#### What is being asked
Would you transcribe only the lines from the one holding "bobcat head with" through the end of the material, exactly, without any pictures?

======== Data provided ========

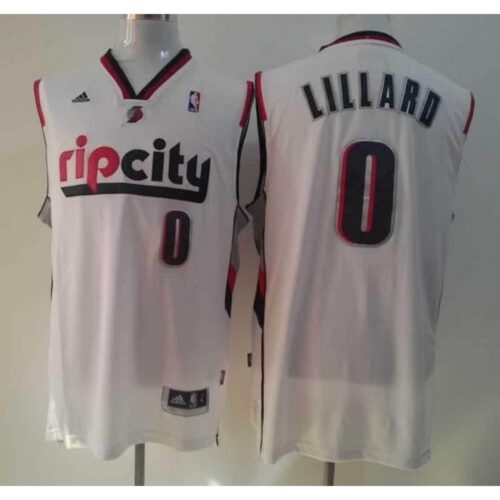 686470721db09_1 Blazers #0 Damian Lillard White Throwback Stitched NBA Jersey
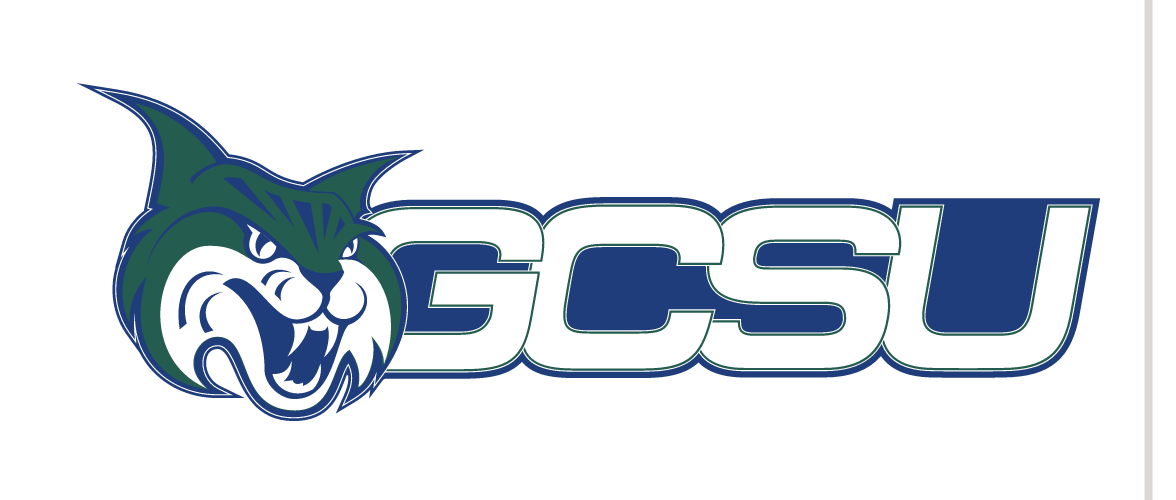 bobcat head with GCSU wordmark, full color variant, cell 25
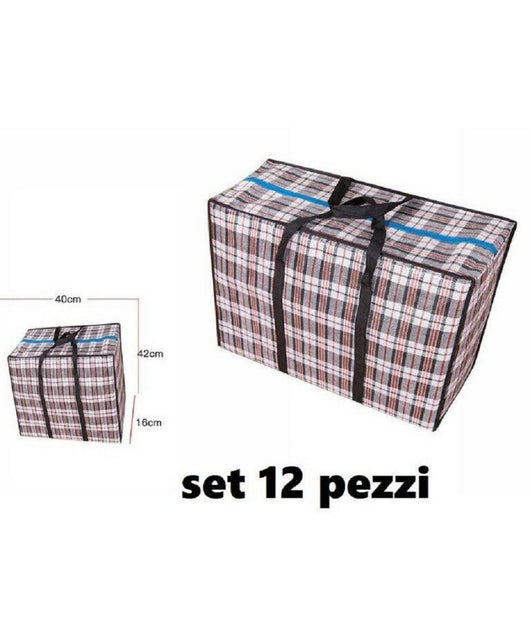 Set 12 Pezzi Buste Borse Per La Spesa Shopping Bag Shopper 40 X 42 X 16 Cm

========

#### Result for this exercise
 bobcat head with GCSU wordmark, full color variant, cell 25
 Set 12 Pezzi Buste Borse Per La Spesa Shopping Bag Shopper 40 X 42 X 16 Cm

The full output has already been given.